||Volume 19, Number 2, October 2006
We'd rather be teaching
by Yvonne Eamor
When you think of university students writing exams, you may have an image of a gymnasium full of stressed-out young people pouring over reams of paper. Now imagine that same gymnasium but this time, consider that those stressed-out students are nine and ten years old.
Welcome to Grade 4 FSAs at Nesika Elementary in Williams Lake. Veteran teacher Rob Taylor says it hurts to see kids so young being herded into the gym for exams. "If that’s not stressful for nine-year-olds, I don’t know what is," he says. "Our kids are stressed out going into the exams. It’s a completely foreign atmosphere for them. And this goes on for an entire week."

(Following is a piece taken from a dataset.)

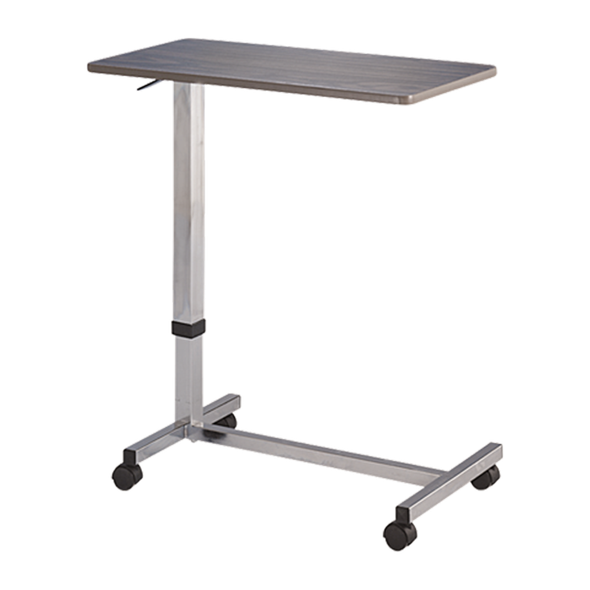 Blickman Overbed Table – Stainless Steel Construction – Lower Shelf and H-Brace – for Operating Room Use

Taylor also takes issue with the lack of direction teachers are permitted to give to students who are having trouble finding their way through the exam. For a profession that’s been highly trained to help guide young minds, FSAs prohibit teachers from performing that vital task. Taylor says, "There are kids who come up in tears because they didn’t understand the set of directions for math. You can’t help them. All you can do is tell them to do their best. It’s frustrating beyond words. A student asks for your help and you have to turn them away. Standardized testing means every kid has to receive the same direction—it’s horrible what that’s doing to kids’ psyches."
In a small town like Williams Lake, there’s another issue with FSAs: rankings. Taylor says his biggest concern is that rating a school means rating a teacher. "There may be just one Grade 4 class in town. The ranking the FSA provides reflects immediately back to the teacher."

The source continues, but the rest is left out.